Cypher COLLECT makes UNWIND unwind in wrong order

2.3k Views Asked by At

Graph gist: http://gist.neo4j.org/?6182d024325343760cb4

I want to get a (longest) path in order and it works as expected until I add a COLLECT statement, is there something concerning Cypher and COLLECT that I just don't understand or is this a bug?

This query works as expected, returns the nodes in path in the correct order:

MATCH (n:Cable { name: 'Cable3' })-[:Connected_to*]-(port:Port)
OPTIONAL MATCH path=(port)-[:Connected_to*]-()
WITH nodes(path) AS parts, length(path) AS len
ORDER BY len DESC 
LIMIT 1 UNWIND parts AS part
RETURN part

This one, without the COLLECT statement, returns the nodes in the right order but also the nodes between the part and the parent (as expected).

MATCH (n:Cable { name: 'Cable3' })-[:Connected_to*]-(port:Port)
OPTIONAL MATCH path=(port)-[:Connected_to*]-()
WITH nodes(path) AS parts, length(path) AS len
ORDER BY len DESC
LIMIT 1 UNWIND parts AS part
OPTIONAL MATCH (part)<-[:Has*1..10]-(parent)
RETURN part, parent

This query does not work as expected, returns the nodes in the path in another order:

MATCH (n:Cable { name: 'Cable3' })-[:Connected_to*]-(port:Port)
OPTIONAL MATCH path=(port)-[:Connected_to*]-()
WITH nodes(path) AS parts, length(path) AS len
ORDER BY len DESC
LIMIT 1 UNWIND parts AS part
OPTIONAL MATCH (part)<-[:Has*1..10]-(parent)
RETURN part, LAST(COLLECT(parent))

Any insight would be appreciated.

1

There are 1 best solutions below

0
On BEST ANSWER

The UNWIND is actually still returning rows in the expected order.

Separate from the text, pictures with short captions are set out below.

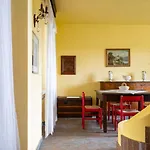 Casa Della Peschiera By Interhome Feriehus Isola d'Asti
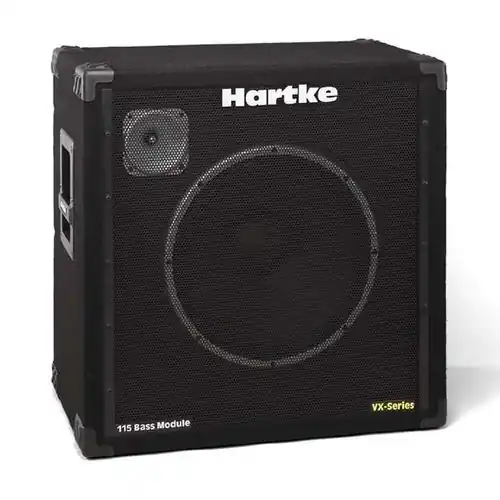 Kup online Hartke VX 115 Kolumna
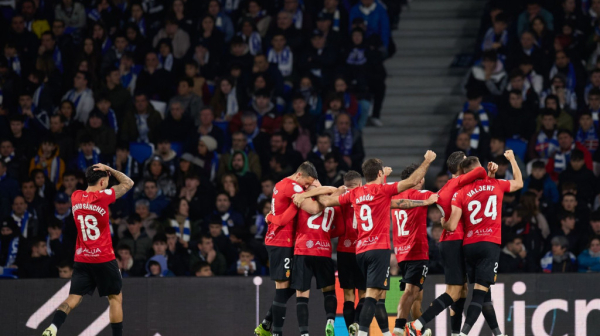 Srbi se nisu ni oznojili, a igraće za trofej – u San Sebastijanu mrze penale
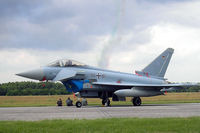 30 81 @ EHVK - Airforcedays , 14/15 June  2013 at Volkel AFB - by Henk Geerlings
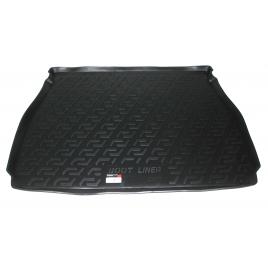 Covor portbagaj tavita BMW X5 E53 1999-2006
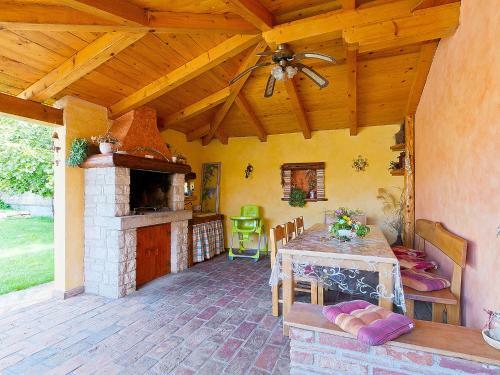 Holiday Home Loreta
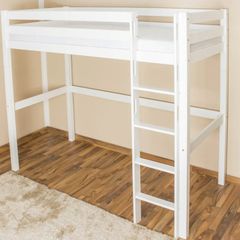 High bed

Instead, it is the aggregation function, COLLECT(), that is "rearranging" the result rows. neo4j does not guarantee that the result rows of an aggregation function will be in any particular order (without an ORDER BY clause).

Here is a workaround that avoids using aggregation. It might work for your specific use case, depending on your requirements. This query filters the second OPTIONAL MATCH so that it contains the longest possible sequence of Has relationships (as long as the longest sequence is <= 10 hops -- you should adjust this as needed, or consider eliminating the maximum). The query simply returns the most remote "ancestor" in each result row, and the rows will remain in the order your expect.

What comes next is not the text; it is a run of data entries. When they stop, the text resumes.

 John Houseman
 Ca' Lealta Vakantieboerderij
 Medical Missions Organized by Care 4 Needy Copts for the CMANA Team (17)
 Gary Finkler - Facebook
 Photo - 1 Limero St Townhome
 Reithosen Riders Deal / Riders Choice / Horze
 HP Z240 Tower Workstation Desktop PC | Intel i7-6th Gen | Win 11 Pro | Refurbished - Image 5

MATCH (n:Cable { name: 'Cable3' })-[:Connected_to*]-(port:Port)
OPTIONAL MATCH path=(port)-[:Connected_to*]-()
WITH nodes(path) AS parts, length(path) AS len
ORDER BY len DESC 
LIMIT 1 UNWIND parts AS part
OPTIONAL MATCH (part)<-[:Has*1..10]-(ancestor)
WHERE NOT (ancestor)<-[:Has]-()
RETURN part, ancestor;